Die Windenergiegewinnung wurde zur Optimierung untersucht. Entweder sollten weitere Standorte für bekannte und bewährte Windanlagenbauformen gefunden werden oder die speziellen Windverhältnisse erfordern ein neues Windanlagenkonzept. Ein weiterer Punkt war die bereits durch die Politik oder die Bevölkerung blockierten Standorte für klassische Windanlagen wieder zugänglich zu machen. Geräuschverminderung, Spiegelungsreduzierung und eine Reduzierung des Vogelschlags sind notwendig. Ebenso darf es keine Beeinträchtigung des Landschaftsbildes geben.
Herkömmliche Windenergieanlagen lassen sich mit den Komponenten Mast, Maschinengondel und Drehflügel beschreiben. Dabei ist die Drehachse waagrecht angeordnet und die Maschinengondel dreht sich bei Starkwind aus der Hauptwindrichtung.

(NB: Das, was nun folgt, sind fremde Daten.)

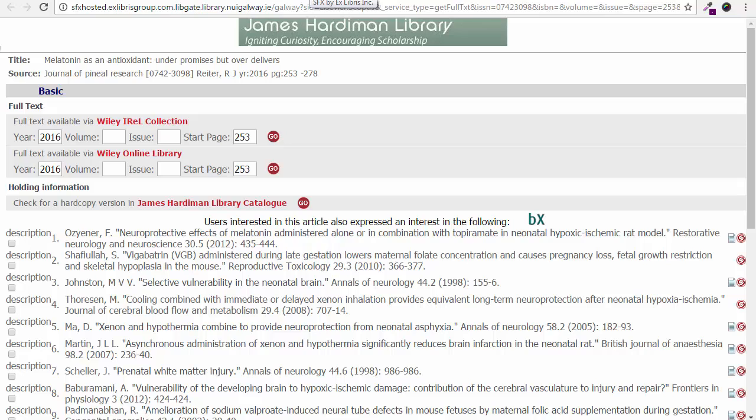You will then be brought to a menu with a range of choices related to the article. In this example SFX locates the full text of the selected article in a database called Wiley Online Library. Click go to view the full article.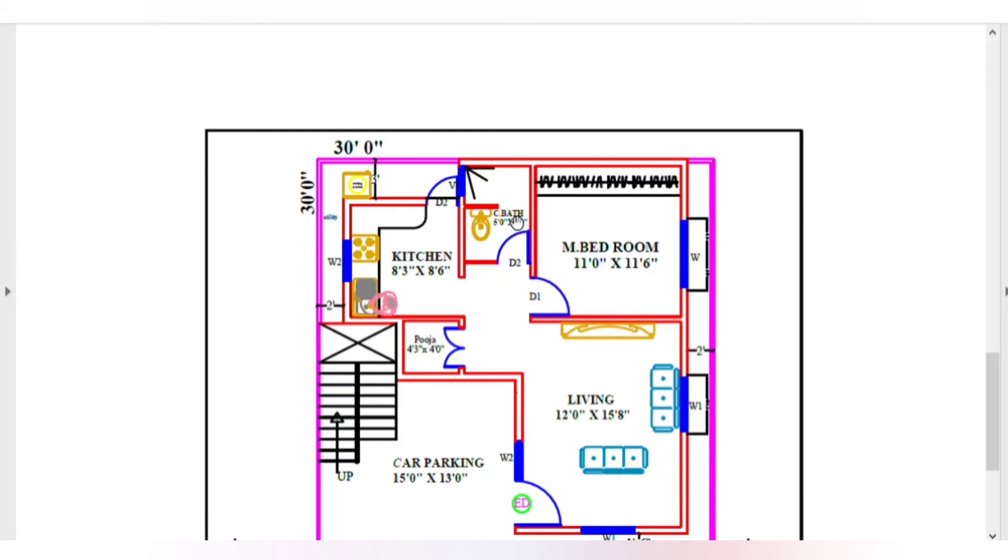Next, common bath, 5 feet by 7 feet 3 inches. This is the small bath.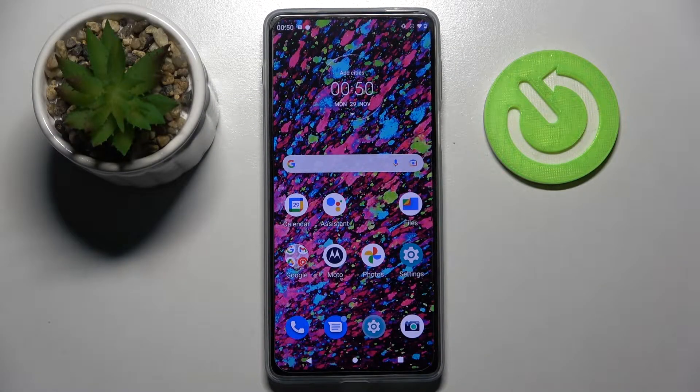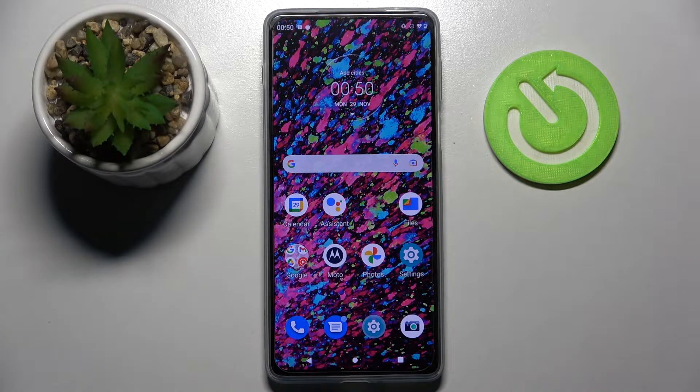Hi! In front of me is the Motorola Moto Edge 20 Pro, and today I would like to show you how you can add a screen lock on this device.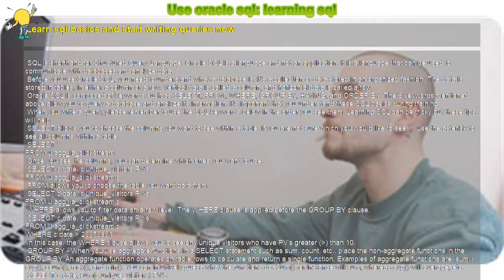Use Oracle SQL. Learning SQL. Learn SQL basics and start writing queries now.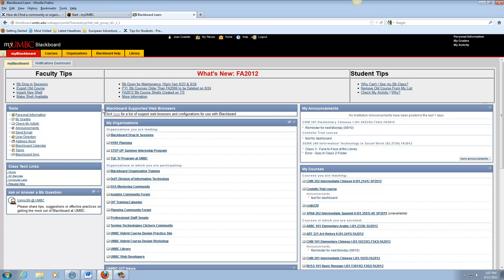To start off with, community and organization are the same thing. Community was an earlier term that was used, and now groups are called organizations.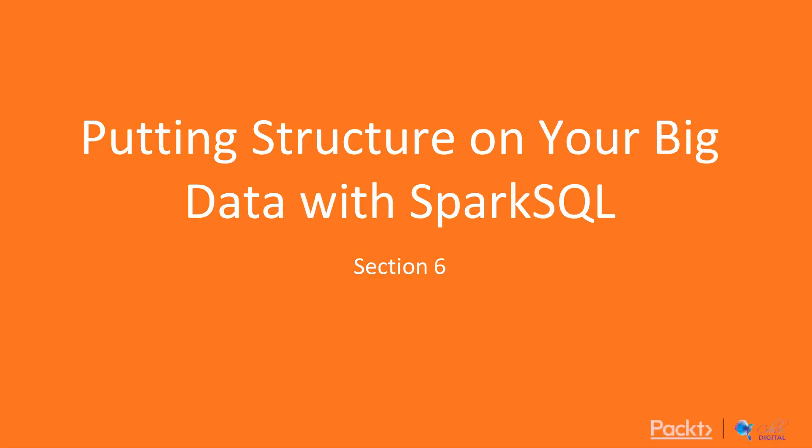Hey guys, welcome back to PySpark for Beginners. We're in our last chapter about putting structure on our big data with Spark SQL.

Das neuartige Windprojekt besteht aus den Komponenten Rotor, Generator und Außen- sowie Innenkonstruktion. Dabei ist die Drehachse senkrecht und bei Starkwind wird weiterhin Strom erzeugt.
Die Windanlage ist vorgesehen zum Einsatz auf Hochhausdächern, deshalb braucht man keinen Mast. Anstelle von Drehflügel gibt es einen Rotor. Eine Maschinengondel für Generator und Getriebe ist nicht notwendig. Das neuartige Antriebskonzept besteht aus einem regelbaren Generator.
Die neue Anlage baut auf einem bestehenden Patent auf. Eine zweite Patentanmeldung wurde durch das neue Konzept notwendig. An der Serienreife und Produktionsübergabe wird derzeit gearbeitet.
Durch die Adaption von verschiedenen gängigen Technologien sind verschiedene weitere Patentanmeldungen möglich.